Hedge Fund Bonus Days Are Here Again

Hedge fund managers are drinking deep from the bonus trough once more.

John Pierson

John Pierson

It’s bonus season in hedge fund land. After a dismal 2008, the news is good. The average hedge fund manager was up 18 percent in 2009, according to Hedge Fund Research. A number of top hedge funds did far better than that. I know large fund with over $10 billion whose manager’s funds were up well over 40 percent. Moreover, there are many funds above $1 billion that are up even more globally. The result is that people are getting paid, once again, or at least most of them are.

One of the beauties of the hedge fund management industry is its (relatively speaking) low overhead. As a result, it is typical for more than 40 percent of revenues (the standard percentage at a bank) to end up in the bonus kitty. As the average hedge fund charges a 2 percent management fee and a 20 percent performance fee, that can work out to be quite a chunk of change. Also, unlike the majority of banks these days, most hedge funds are not publicly traded companies and they do not have regulators and politicians looking over their shoulders to see how they pay their people.
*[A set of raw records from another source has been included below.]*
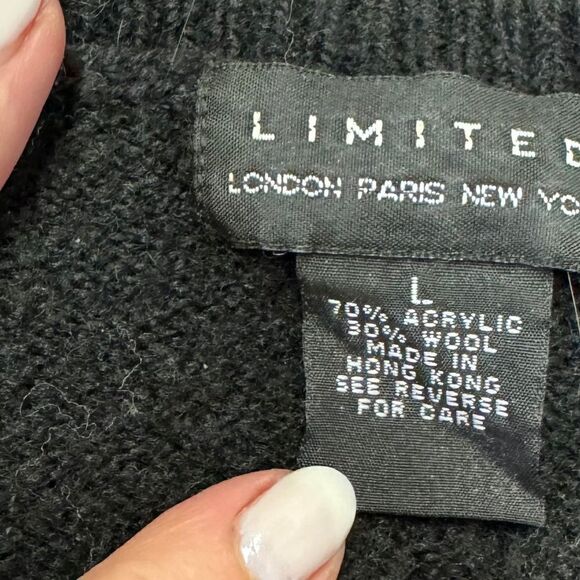 LIMITED black sweater - L - Picture 3 of 3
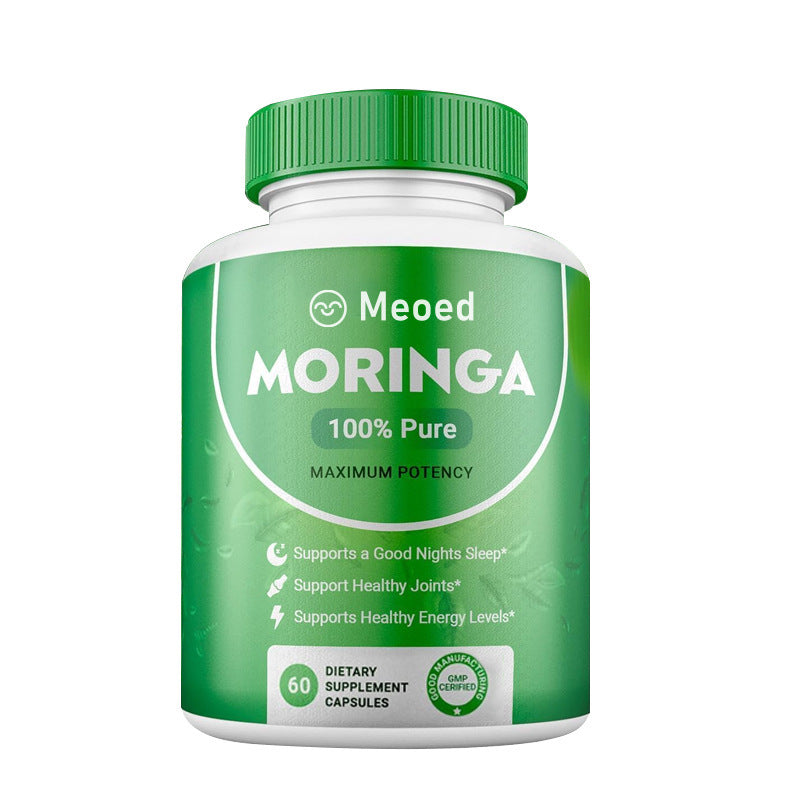 Cápsulas de hojas de Moringa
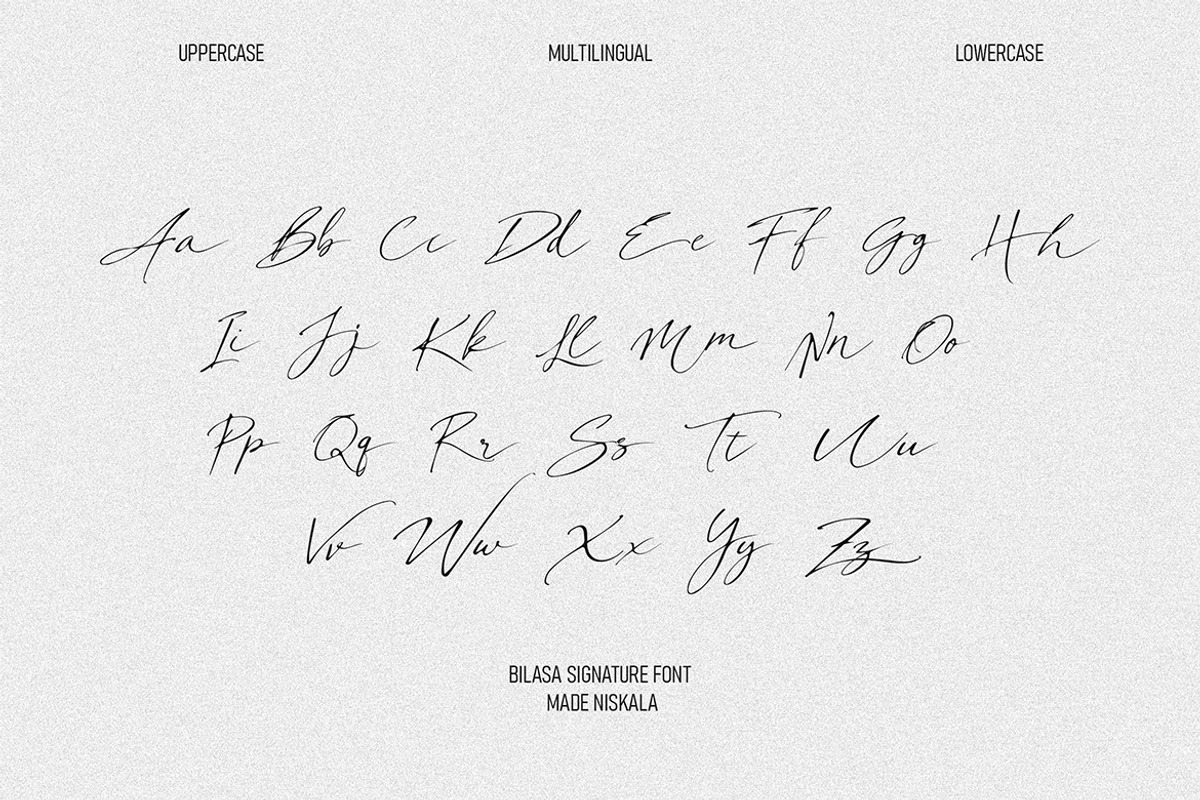 Bilasa – Signature Wedding Typeface, a Script Font by Samtiv Studio (Photo 2 of 6)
As a result, unlike Goldman Sachs, which had to cut its bonus pool down to 39 percent of 2009 operating revenues, hedge funds are free to pay up.

The people making the big money, of course, are hedge fund partners. I recently spoke to a handful of fund partners about their compensation. Most retracted, but the partners who did share their expectations plan to make anywhere from $10 million to over $100 million on their 2009 profits, with some estimates of the elite earning over $1 billion. These numbers are at the extreme end of the scale, although the more typical partners at a hedge fund (that did well) ranging at $1 billion to $30 billion in assets will make between 5 to $25 million. (These numbers are mostly estimates from hedge fund employees I have spoken to.) I am sure there will be new Gulfstream’s, Hatteras yachts, Havana Club memberships, and Lamborghinis this spring. Not to mention the Hamptons and Greenwich mansions that will pop up along with the new Fisher Island ferry cruisers. I hear if you flash your high beams, they will wipe away your salt, but not your dry powder.

As for the rank and file employees, I was asked recently by a senior portfolio manager of a $9 billion New York-based hedge fund,” How do bonuses look this year?” My answer was: contrasting. Not to state the obvious, but if you were at a fund that did well, you’ll do well, and maybe very well. As for the successful firms bonuses are back to 2007 levels, meaning analysts will make from one to five times their base pay, averaging $480,000, and portfolio managers will make their pre-agreed formula, ranging from $1 million to $100 million, averaging $7 million. But remember, these are $1 billion-plus firms that did well.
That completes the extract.